Stored data entries ->

==============================

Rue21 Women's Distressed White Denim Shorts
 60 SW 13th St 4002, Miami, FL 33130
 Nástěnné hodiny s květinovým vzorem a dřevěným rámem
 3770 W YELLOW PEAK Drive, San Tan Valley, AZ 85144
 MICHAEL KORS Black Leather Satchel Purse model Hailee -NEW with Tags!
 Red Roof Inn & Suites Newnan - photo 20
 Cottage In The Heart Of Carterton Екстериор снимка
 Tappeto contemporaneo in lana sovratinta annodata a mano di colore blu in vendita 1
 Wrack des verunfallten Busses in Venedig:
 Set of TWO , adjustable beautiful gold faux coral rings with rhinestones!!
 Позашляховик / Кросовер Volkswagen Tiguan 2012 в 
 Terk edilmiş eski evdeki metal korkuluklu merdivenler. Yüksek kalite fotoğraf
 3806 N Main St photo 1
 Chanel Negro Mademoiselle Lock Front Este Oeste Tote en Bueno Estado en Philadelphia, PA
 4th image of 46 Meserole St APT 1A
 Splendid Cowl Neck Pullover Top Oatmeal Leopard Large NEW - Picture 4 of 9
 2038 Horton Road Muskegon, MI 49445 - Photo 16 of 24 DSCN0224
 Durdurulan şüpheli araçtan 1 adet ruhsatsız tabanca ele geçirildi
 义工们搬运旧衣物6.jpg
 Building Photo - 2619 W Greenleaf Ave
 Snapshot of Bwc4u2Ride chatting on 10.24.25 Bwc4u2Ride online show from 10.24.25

==============================

TASK BRIEF ->
From the records above, return each line that has the string "with".

SOLUTION ->
 MICHAEL KORS Black Leather Satchel Purse model Hailee -NEW with Tags!
 Set of TWO , adjustable beautiful gold faux coral rings with rhinestones!!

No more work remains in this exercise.